Lezing gehouden tijdens het symposium ‘Eigen taal eerst’ [20-09-2002]
Het valt niet mee om over taal iets zinnigs te zeggen. Zij ligt nooit als object van onderzoek tegenover je. Je moet in je beschrijving datgene gebruiken wat je wilt onderzoeken. De taal is medium en object tegelijkertijd. Zij bevindt zich zowel aan de subject- als aan de objectzijde – en ook ertussenin. Spreken over taal is circulair. In dit artikel kan ik over taal geen uitspraken doen. Wat nu?
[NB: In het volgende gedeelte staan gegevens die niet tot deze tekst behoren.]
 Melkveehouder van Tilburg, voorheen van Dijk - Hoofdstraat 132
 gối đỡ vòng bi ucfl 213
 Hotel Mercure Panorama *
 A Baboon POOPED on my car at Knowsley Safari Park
Toch sta ik niet helemaal met mijn mond vol tanden. Ik kan weliswaar geen mededelingen doen over taal, toch valt er wat te zeggen. De taal is namelijk geen monoliet. Zij is inwendig verdeeld. De ene kant ervan kan in gesprek komen met de andere. Daarbij zal ik mij bescheidenlijk als gespreksleider opstellen.
Deze inwendige verdeeldheid kun je hieraan merken dat de taal op twee manieren je eigen taal is, of niet.
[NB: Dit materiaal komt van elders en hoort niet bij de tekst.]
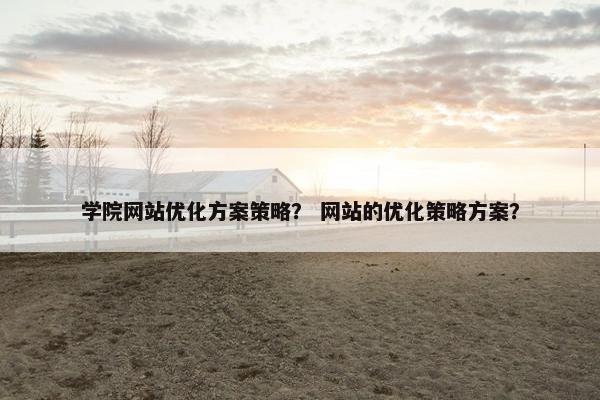 学院网站优化方案策略？ 网站的优化策略方案？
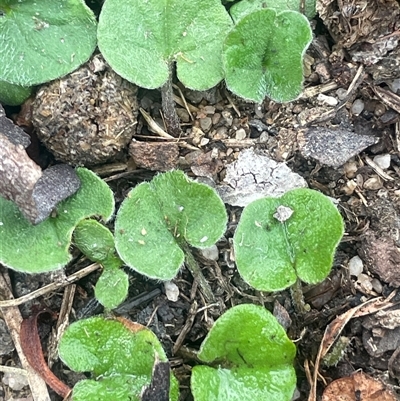 Dichondra repens (Kidney Weed) at Countegany, NSW - 10 Mar 2025 by JaneR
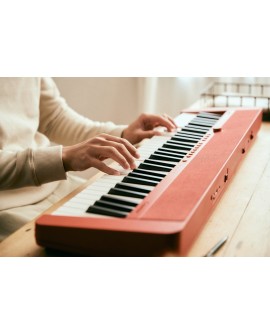 CASIO CT-S1 RD - Keyboard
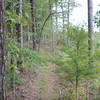 A nice trail along a ridge.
Enerzijds is zij een verkeersmiddel – een communicatie-instrument of -medium. Mensen beschouwen deze taal als die van henzelf wanneer ze menen dit instrument zelf te hanteren in overeenstemming met hun doeleinden. Je kunt van je eigen taal gebruik maken wanneer je boodschappen kunt doen, je kinderen in toom kunt houden, een televisieprogramma kunt volgen of een tentamen kunt maken.
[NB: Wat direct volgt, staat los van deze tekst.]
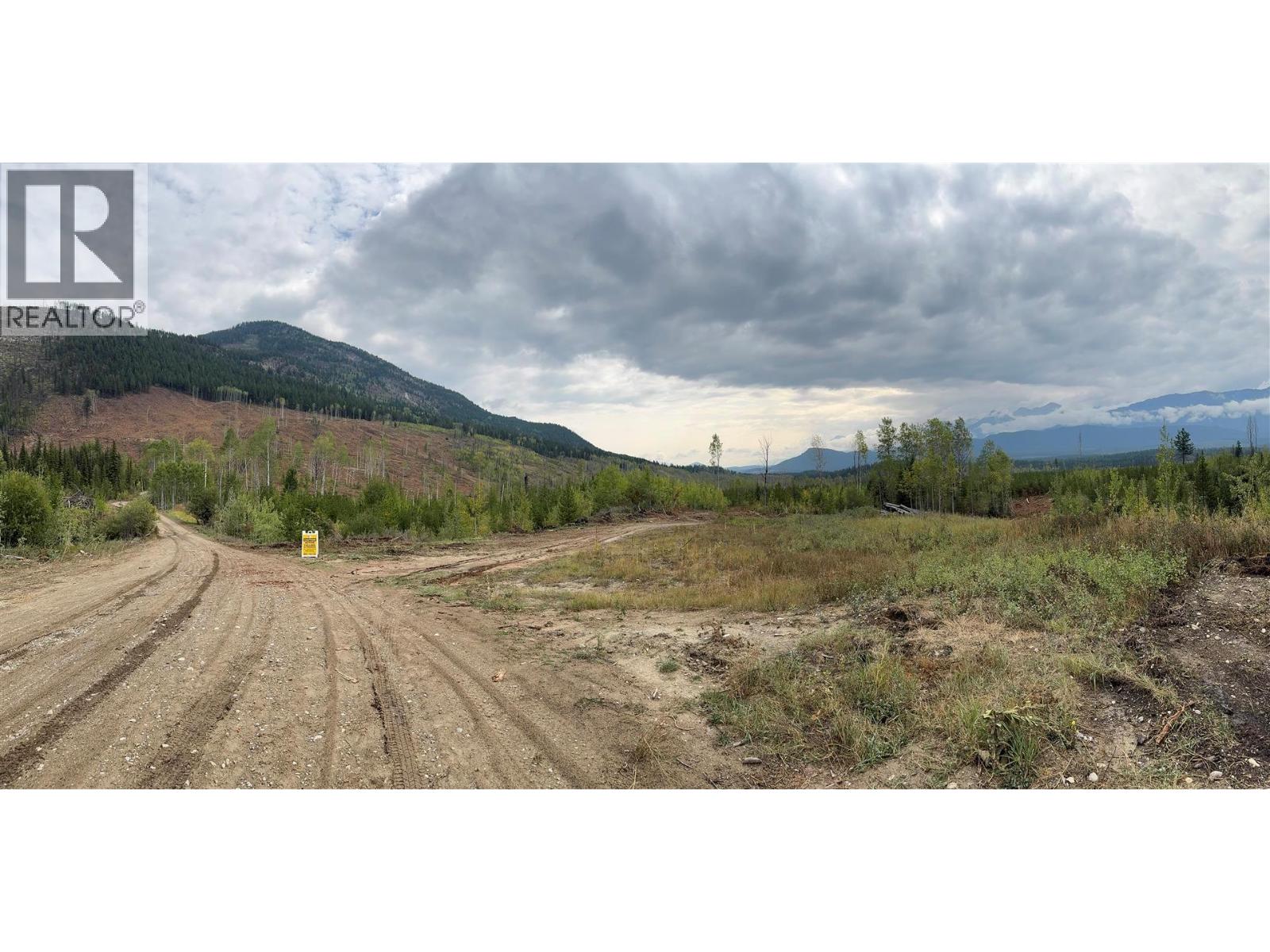 Dl 10766 Giant Mine Road, Spillimacheen, British Columbia  V0A 1P0 - Photo 23 - 10363579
Anderzijds is de taal iets heel anders – wat met het hanteren van een communicatiemiddel weinig te maken heeft. Behalve verkeersmiddel is de taal ook het element waarin je geboren bent, je moeders taal.
Ook die is je eigen taal, maar niet omdat je die zelf weet te hanteren. Je moeders taal is van jezelf omdat je die met de paplepel ingegoten hebt gekregen. Zij is niet je instrument of je eigendom, maar de oorsprong van je identiteit.